----- RECORDS TO PROCESS
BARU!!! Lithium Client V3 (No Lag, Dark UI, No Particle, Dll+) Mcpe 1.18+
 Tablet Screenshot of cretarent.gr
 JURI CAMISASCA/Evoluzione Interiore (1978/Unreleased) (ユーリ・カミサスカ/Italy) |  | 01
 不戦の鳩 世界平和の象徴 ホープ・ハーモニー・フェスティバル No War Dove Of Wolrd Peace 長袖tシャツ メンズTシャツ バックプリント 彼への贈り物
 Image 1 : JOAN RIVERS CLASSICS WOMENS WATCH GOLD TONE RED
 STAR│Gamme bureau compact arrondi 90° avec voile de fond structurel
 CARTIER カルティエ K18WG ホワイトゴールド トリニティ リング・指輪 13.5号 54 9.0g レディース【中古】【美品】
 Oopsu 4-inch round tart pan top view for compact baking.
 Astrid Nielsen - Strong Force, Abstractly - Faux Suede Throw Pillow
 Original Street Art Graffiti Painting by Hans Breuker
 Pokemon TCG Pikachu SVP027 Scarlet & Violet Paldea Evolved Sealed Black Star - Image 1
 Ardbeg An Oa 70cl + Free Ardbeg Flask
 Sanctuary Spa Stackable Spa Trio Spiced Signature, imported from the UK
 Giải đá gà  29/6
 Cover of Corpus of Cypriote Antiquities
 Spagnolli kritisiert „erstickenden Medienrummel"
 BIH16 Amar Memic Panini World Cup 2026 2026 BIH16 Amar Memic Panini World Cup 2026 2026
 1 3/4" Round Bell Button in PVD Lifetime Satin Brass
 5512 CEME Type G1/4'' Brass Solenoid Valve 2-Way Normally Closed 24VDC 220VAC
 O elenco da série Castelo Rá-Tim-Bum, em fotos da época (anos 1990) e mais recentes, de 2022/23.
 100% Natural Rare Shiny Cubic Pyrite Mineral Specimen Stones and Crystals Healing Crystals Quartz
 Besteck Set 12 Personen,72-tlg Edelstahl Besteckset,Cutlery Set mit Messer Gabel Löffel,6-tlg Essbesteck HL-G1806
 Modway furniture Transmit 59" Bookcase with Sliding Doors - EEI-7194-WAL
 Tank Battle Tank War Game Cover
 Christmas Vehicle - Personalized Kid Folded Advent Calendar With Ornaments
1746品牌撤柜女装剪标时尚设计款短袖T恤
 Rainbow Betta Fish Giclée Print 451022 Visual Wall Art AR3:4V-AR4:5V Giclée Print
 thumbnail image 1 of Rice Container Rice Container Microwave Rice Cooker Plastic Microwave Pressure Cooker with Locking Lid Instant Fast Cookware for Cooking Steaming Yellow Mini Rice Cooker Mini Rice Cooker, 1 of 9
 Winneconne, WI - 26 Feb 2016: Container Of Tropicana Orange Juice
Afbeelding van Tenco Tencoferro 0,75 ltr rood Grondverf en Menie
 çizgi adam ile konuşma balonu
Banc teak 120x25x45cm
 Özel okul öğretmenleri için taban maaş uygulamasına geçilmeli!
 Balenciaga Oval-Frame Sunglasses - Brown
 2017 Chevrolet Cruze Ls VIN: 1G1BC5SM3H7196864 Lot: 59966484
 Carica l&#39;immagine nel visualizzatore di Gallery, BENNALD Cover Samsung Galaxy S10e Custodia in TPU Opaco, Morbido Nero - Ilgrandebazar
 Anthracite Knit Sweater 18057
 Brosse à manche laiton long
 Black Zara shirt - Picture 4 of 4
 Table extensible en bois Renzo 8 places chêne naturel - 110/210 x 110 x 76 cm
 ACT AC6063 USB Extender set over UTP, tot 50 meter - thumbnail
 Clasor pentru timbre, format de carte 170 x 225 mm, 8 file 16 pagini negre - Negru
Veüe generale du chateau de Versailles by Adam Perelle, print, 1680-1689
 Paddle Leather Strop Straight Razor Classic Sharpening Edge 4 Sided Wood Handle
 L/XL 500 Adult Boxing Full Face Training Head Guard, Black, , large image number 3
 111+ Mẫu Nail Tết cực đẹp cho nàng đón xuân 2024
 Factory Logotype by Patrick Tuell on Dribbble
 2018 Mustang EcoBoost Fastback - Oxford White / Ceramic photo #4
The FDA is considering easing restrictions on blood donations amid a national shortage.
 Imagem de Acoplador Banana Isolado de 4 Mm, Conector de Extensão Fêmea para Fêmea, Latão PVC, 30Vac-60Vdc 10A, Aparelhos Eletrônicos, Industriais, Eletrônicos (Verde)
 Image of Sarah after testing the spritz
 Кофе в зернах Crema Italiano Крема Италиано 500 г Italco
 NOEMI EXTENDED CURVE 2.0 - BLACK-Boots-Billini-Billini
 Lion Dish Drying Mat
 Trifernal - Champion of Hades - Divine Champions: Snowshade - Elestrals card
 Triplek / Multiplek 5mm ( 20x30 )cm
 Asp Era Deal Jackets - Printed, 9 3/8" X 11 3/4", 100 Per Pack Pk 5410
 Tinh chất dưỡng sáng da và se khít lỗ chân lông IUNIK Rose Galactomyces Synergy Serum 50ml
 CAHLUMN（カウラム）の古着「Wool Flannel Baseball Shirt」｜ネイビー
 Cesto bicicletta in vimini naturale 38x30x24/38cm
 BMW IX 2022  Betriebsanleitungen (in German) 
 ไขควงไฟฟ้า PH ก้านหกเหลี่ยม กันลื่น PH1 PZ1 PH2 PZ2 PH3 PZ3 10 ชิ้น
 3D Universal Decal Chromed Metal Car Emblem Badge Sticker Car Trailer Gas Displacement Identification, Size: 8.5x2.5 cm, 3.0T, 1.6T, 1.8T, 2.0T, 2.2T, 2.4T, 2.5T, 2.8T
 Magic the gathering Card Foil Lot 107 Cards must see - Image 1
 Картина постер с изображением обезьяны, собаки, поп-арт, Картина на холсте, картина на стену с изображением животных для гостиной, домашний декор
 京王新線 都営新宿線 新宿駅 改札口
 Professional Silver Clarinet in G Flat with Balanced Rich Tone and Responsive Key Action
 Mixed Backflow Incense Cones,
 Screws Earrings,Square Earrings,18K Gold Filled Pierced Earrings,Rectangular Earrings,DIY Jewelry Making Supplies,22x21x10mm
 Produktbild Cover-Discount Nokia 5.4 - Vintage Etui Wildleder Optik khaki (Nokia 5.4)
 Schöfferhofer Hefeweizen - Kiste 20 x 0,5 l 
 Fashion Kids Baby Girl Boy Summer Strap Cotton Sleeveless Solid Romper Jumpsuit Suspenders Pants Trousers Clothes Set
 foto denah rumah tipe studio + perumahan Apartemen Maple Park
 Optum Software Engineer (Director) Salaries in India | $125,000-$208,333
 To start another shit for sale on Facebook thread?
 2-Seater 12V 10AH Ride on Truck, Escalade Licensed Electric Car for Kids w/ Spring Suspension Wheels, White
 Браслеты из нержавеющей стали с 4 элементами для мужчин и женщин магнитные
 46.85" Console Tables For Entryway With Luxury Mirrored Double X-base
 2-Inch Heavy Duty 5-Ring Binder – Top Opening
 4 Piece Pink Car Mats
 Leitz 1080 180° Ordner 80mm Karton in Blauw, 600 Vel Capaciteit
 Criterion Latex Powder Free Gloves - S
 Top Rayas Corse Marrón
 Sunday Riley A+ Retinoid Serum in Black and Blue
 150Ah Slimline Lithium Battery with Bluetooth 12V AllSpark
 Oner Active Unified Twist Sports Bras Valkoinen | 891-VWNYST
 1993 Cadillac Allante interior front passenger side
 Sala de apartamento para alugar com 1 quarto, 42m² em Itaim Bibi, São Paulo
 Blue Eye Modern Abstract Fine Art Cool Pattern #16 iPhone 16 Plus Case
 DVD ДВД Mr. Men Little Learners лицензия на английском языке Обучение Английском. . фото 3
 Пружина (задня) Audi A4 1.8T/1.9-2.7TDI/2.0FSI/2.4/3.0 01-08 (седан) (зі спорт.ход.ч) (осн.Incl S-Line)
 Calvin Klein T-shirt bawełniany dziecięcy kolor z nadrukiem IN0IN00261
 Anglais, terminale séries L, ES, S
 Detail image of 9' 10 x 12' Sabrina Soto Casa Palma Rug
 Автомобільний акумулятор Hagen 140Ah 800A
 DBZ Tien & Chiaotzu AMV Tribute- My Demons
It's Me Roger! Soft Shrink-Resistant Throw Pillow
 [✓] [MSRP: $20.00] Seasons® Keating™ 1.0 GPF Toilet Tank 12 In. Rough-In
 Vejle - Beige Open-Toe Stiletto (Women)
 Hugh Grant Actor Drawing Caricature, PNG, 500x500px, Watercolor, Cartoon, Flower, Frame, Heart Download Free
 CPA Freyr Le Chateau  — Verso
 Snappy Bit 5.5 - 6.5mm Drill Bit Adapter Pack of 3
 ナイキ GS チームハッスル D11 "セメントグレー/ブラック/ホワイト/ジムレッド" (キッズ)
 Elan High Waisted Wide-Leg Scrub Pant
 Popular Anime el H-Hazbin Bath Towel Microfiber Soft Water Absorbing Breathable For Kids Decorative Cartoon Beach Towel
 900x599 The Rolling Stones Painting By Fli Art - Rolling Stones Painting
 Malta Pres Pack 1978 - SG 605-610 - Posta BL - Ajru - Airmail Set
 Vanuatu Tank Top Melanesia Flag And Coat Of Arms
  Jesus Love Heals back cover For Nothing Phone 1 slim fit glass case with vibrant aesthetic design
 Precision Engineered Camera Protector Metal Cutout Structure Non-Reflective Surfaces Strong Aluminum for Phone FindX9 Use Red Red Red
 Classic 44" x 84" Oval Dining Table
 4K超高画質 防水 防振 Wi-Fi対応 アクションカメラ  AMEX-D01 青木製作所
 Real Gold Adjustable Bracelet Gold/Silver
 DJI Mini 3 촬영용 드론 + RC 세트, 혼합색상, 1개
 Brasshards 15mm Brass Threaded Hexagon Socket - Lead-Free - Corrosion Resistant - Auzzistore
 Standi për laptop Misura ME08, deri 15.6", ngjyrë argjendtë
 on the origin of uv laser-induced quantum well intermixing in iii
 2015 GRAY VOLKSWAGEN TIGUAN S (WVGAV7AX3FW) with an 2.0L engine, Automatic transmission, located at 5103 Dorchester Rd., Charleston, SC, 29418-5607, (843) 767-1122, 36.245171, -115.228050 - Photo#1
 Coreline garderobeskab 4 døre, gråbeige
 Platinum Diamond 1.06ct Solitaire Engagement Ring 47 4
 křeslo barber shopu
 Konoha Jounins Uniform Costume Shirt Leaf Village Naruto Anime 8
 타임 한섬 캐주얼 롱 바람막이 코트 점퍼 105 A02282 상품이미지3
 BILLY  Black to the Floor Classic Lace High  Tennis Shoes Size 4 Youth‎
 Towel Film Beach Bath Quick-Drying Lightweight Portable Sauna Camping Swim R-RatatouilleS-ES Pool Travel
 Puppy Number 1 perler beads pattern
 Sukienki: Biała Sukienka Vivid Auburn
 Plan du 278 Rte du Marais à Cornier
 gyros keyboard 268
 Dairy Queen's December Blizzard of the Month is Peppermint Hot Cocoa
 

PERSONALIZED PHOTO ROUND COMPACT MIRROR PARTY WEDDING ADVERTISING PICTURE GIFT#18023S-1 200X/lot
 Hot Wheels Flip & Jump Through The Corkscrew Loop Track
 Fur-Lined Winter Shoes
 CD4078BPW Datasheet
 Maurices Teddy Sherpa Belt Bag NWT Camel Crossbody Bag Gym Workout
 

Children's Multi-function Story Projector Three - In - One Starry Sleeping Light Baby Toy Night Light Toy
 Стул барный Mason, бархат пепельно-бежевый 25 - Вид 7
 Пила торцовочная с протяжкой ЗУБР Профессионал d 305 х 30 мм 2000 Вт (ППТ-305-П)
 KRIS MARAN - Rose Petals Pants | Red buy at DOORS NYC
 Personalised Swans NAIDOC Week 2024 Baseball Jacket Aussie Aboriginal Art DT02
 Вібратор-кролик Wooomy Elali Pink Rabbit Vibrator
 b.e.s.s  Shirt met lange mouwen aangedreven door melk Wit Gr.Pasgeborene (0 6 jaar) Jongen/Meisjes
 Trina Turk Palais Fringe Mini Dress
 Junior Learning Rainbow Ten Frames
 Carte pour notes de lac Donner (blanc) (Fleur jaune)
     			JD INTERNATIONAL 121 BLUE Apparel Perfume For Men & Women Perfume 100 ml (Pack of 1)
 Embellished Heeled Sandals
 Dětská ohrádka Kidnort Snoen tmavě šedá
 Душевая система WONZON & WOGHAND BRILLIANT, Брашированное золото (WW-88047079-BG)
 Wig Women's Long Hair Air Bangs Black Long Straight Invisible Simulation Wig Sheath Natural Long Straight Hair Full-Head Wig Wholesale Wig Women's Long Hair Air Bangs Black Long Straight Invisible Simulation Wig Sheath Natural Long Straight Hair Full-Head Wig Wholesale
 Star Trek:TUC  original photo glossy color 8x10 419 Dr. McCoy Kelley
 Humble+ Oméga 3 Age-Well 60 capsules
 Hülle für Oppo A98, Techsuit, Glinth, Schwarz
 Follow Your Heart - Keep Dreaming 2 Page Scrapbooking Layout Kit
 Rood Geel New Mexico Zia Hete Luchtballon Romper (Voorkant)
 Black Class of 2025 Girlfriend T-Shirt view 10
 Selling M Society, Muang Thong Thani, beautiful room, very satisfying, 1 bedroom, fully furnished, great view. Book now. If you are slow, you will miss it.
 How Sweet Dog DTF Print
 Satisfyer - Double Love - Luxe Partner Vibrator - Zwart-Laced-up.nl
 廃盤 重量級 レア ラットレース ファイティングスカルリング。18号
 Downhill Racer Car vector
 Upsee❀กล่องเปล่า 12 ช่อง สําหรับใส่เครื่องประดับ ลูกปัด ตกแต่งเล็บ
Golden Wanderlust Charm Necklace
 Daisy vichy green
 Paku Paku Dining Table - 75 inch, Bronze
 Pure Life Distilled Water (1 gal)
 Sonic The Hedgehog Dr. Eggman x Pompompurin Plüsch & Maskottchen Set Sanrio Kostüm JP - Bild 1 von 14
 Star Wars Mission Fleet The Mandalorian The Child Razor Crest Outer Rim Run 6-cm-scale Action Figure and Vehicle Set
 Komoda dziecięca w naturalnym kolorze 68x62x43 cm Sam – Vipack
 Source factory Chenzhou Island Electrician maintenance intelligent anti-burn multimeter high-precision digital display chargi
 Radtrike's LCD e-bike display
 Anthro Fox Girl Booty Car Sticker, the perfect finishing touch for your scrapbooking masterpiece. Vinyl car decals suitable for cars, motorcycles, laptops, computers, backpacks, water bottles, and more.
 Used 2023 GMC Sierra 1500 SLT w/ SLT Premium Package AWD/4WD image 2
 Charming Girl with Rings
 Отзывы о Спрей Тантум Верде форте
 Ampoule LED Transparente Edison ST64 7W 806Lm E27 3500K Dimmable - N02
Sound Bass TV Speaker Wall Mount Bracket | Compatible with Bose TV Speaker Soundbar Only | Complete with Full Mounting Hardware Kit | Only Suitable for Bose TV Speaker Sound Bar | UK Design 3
----------
EXERCISE AIM ▸ Where a line in the records above includes the string "Pants", show it.

OUTPUT ▸
 Fashion Kids Baby Girl Boy Summer Strap Cotton Sleeveless Solid Romper Jumpsuit Suspenders Pants Trousers Clothes Set
 KRIS MARAN - Rose Petals Pants | Red buy at DOORS NYC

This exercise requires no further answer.